# Can any DCC throttle be used as a straight DC throttle?



## videobruce (Jun 15, 2011)

Is there such a DCC power supply (throttle) that can be used as a conventional DC throttle for the present time? 

I have around 22 older locomotives (mid 90's) I *don't* want to sell and *don't* want to upgrade to DCC (due to cost and labor). At least for now. Instead, I want to use them as-is, they all run fine.

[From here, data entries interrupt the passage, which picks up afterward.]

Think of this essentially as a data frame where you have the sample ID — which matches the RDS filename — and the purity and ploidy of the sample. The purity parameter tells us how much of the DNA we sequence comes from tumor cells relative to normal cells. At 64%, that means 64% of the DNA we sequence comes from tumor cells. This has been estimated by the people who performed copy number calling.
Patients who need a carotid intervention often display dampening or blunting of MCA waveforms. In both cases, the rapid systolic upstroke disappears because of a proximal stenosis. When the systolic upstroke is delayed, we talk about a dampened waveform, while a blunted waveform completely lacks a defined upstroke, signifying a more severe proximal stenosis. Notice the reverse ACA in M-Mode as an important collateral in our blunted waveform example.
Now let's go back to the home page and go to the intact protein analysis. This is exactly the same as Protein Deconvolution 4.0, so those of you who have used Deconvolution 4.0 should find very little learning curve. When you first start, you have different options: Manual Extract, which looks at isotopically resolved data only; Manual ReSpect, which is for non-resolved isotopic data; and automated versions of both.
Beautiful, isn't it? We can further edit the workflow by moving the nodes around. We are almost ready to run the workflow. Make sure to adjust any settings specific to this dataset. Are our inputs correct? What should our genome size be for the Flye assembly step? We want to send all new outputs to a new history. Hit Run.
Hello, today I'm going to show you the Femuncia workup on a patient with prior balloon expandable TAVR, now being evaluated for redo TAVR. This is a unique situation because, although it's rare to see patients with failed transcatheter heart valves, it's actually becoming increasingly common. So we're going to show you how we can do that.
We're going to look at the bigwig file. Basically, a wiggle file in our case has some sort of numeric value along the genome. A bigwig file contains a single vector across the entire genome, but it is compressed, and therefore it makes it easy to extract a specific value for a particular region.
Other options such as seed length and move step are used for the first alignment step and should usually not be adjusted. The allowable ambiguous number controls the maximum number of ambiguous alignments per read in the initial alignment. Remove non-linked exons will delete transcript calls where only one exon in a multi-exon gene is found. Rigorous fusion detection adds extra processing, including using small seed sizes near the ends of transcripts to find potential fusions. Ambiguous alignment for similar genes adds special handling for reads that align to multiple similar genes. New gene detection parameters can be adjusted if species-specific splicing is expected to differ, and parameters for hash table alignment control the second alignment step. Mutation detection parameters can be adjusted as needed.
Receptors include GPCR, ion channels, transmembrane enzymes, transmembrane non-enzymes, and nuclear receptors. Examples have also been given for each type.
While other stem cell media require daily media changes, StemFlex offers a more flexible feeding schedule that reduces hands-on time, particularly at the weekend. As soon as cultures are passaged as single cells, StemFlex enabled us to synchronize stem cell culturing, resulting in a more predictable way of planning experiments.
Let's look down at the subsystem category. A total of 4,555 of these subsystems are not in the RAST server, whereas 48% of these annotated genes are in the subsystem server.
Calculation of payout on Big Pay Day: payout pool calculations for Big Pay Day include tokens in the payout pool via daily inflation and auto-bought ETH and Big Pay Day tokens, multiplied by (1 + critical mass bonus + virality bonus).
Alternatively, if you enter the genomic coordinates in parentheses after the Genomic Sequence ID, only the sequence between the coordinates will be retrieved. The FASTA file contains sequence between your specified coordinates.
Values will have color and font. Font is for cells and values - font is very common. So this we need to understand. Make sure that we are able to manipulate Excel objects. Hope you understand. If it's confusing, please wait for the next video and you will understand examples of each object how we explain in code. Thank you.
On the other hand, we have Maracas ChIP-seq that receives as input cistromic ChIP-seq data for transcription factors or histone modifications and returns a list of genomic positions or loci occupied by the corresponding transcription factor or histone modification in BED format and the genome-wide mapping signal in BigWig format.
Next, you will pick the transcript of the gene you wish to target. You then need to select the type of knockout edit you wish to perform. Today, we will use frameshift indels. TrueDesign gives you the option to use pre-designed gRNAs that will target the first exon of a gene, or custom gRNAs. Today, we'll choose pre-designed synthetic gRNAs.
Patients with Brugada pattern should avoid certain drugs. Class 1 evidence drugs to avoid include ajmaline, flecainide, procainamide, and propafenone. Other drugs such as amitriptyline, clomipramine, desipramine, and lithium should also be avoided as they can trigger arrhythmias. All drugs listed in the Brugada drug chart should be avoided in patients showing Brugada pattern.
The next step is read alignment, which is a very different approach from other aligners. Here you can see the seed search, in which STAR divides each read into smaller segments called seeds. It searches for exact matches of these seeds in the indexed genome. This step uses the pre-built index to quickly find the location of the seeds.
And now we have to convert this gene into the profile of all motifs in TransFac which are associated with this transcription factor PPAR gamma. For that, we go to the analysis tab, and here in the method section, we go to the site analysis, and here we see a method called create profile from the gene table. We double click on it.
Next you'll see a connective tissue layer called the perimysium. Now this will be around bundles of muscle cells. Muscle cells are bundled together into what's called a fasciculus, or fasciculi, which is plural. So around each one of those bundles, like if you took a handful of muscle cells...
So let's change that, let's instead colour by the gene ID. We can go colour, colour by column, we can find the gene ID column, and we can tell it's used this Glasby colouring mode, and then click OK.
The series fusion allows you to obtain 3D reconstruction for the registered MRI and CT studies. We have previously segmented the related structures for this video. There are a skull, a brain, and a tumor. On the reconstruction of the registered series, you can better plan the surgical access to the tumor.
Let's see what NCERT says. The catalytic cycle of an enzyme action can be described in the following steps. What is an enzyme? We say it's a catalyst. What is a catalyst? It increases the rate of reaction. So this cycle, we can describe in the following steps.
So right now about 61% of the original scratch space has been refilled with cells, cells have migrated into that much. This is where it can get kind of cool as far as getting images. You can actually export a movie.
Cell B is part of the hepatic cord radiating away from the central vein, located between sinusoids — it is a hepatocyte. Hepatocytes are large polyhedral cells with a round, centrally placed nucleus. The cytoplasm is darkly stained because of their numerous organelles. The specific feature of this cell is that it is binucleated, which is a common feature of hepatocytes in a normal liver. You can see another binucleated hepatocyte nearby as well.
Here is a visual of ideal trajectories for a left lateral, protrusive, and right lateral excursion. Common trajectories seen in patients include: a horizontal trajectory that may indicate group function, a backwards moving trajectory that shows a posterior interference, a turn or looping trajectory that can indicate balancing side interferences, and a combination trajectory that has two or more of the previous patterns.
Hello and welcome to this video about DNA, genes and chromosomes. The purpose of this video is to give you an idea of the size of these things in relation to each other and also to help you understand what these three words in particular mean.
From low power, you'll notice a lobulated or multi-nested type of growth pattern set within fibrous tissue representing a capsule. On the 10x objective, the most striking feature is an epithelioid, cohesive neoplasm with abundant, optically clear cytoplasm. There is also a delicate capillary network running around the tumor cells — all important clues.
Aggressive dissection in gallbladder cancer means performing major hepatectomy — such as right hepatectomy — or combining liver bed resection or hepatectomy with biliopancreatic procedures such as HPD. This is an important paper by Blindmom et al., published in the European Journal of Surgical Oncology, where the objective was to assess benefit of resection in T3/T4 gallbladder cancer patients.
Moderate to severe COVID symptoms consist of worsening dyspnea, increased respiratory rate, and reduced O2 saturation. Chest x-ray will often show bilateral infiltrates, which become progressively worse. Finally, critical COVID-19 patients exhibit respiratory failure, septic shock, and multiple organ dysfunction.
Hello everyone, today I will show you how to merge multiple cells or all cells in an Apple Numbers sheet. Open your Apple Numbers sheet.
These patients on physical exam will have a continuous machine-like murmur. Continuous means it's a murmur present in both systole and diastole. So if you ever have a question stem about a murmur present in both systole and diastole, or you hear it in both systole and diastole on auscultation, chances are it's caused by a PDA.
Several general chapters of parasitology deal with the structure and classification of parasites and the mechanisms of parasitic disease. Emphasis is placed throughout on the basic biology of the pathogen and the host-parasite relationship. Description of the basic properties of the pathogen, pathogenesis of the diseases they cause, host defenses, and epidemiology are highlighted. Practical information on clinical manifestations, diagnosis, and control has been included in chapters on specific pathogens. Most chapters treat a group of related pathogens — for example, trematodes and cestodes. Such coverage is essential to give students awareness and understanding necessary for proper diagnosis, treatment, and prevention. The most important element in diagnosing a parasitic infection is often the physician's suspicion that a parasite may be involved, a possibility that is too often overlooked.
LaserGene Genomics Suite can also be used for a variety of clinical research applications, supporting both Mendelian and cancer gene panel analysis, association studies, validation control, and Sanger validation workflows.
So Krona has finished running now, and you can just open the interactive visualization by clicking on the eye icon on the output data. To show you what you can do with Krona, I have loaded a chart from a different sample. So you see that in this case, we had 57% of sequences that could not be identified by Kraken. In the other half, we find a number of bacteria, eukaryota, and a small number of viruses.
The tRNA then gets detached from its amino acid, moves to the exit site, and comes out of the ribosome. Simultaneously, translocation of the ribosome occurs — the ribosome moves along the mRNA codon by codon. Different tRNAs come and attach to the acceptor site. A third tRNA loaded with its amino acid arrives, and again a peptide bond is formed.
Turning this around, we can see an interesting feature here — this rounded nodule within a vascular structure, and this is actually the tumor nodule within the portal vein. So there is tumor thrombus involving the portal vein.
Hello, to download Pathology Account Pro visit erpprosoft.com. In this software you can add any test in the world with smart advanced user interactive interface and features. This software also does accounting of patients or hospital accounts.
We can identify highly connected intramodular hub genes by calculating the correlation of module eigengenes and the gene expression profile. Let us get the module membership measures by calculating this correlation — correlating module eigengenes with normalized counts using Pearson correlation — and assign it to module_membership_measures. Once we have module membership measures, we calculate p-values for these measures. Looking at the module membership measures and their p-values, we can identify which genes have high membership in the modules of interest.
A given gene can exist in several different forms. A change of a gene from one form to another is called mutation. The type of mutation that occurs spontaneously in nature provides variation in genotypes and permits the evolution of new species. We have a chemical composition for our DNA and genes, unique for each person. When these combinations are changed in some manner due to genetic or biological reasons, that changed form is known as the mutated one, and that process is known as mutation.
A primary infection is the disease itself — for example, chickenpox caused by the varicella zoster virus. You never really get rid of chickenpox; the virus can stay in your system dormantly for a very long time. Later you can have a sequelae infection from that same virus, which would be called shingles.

I need two new "throttles" to go with an existing DC 'transistorized' throttle with wired walk around 'cabs'. I have a home built, dual DC PS, but it is very heavy using two conventional xformers.
Can any DCC throttles be used in the conventional DC mode so I don't have to upgrade twice?


----------



## Brakeman Jake (Mar 8, 2009)

The DCC throttles alone...simple answer is NO.But some DCC sets (Digitrax is one) allow running DC engines on the layout using adress 00.This is called "zero stretching" and is somewhat like DC current for the loco to see.However,it is in no way natural DC...you'll notice that the engine "sings" sitting still...not recommended for long periods so it's better you remove the loco from track when not actually running.Not all systems allow this...check your instruction booklet or simply try it...it can only not work.If so,don't leave the loco on track.


----------



## videobruce (Jun 15, 2011)

Is there some way of turning off the AC signal riding on top of the DC?


----------



## cv_acr (Oct 28, 2011)

No. There is no "AC signal riding on top of the DC". There is no DC current involved at all with DCC.

DCC applies AC current to the rails. Period. The address 00 trick (which is not supported by all DCC systems by the way) sends more of the signal to one polarity or the other somehow to trick the motor into responding, but it's still actually an AC current, which is what makes the motor buzz.


----------



## NIMT (Jan 6, 2011)

No, No way to turn a DCC throttle into a DC only throttle!
As everyone else has said Zero stretching possibly will give you some use of DC locos on a DCC system.


----------



## videobruce (Jun 15, 2011)

Ok, so much for that idea.


----------